Teheran (AsiaNews) – La strategia di isolamento portata avanti dal gruppo che fa capo al presidente Mahmoud Ahmadinejad ha preso di mira la Fiera internazionale del Libro di Teheran. Si tratta della manifestazione culturale più importante dell’Iran e offre anche, tradizionalmente, per la società, un’aria di relativa libertà e di contatti tra giovani e con l’estero. Nel suo ambito, è anche una delle Fiere più importanti del Medio Oriente e dell’intera Asia.
 
La ventesima edizione, prevista dal 2 al 11 maggio, è sotto attacco da parte dal governo Ahmadinejad: per mantenere la purezza “islamica” della cultura iraniana, non basta la censura, serve anche limitare i contatti internazionali! Perciò, il Ministero della cultura e dell’orientamento islamico ha deciso di dividere la Fiera su due siti, uno per gli editori iraniani (sul cantiere di una mega-moschea in costruzione da anni) e l’altro per gli stranieri (sul sito degli anni passati). Il motivo ufficiale di questa decisione è ecologico: limitare il traffico automobilistico legato alla mostra, che attira milioni di visitatori. In realtà, la decisione appare dovuta alla volontà di controllare meglio chi visita la mostra internazionale e di rendere più difficili i contatti tra editori ed autori iraniani da una parte e stranieri dall’altra.

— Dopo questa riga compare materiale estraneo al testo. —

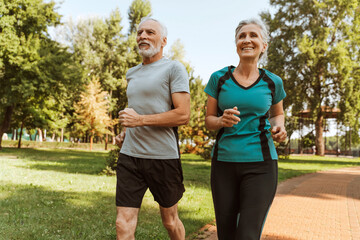 Obraz premium Attractive, smiling senior couple jogging in park maintaining healthy lifestyle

Per scoraggiare ancora un po’ di più i partecipanti stranieri, le tariffe di partecipazione sono state aumentate drasticamente per loro (e solo per loro) e l’organizzazione è ancora più caotica ed imprevedibile degli anni passati. “Adesso, basta!” è la reazione di molti partecipanti stranieri – reazione logica, comprensibile; ed è proprio la reazione sperata dal team Ahmadinejad!
 
“Basta”, perché l’Iran è già il Paese dove il copyright è probabilmente il meno rispettato nel mondo, perché la censura delle opere tradotte rallenta, tradisce (con modifiche assurde) se non impedisce senza ragione chiara la pubblicazione di molti libri stranieri. E’ proibito tutto quello che va contro la “moralità”, “i valori islamici”, “gli interessi della Repubblica islamica d’Iran” (tra l’altro, scrivere “Golfo Arabo-Persico”) e tutto quello che incoraggia “animosità, razzismo, sionismo, superstizione”. Di mira, non solo l’Occidente: pochi giorni fa, 16 libri provenienti dall’Egitto, dalla Giordania e dal Libano sono stati proibiti dalle autorità iraniane: non potranno essere presentati nella sezione internazionale della Fiera.
L’isolamento culturale dell’Iran, una società giovane e tradizionalmente aperta al mondo, sta crescendo. E non solo per colpa delle sanzioni dell’Onu. Le proteste degli editori internazionali e quelle, più prudenti, degli iraniani, non fanno molta impressione sugli  ideologi islamisti e sugli affaristi che controllano il potere nella patria di Avicenna, di Saadi e di Hafez.
 
Accanto al Corano, il culto dei cosiddetti “martiri” e la glorificazione del nucleare sono diventati le priorità “culturali” dell’Iran. L’unica alternativa per molti giovani: video-clips e feuilleton, spesso debilitanti, sulle reti satellitari in Farsi, messe in onda da Los Angeles.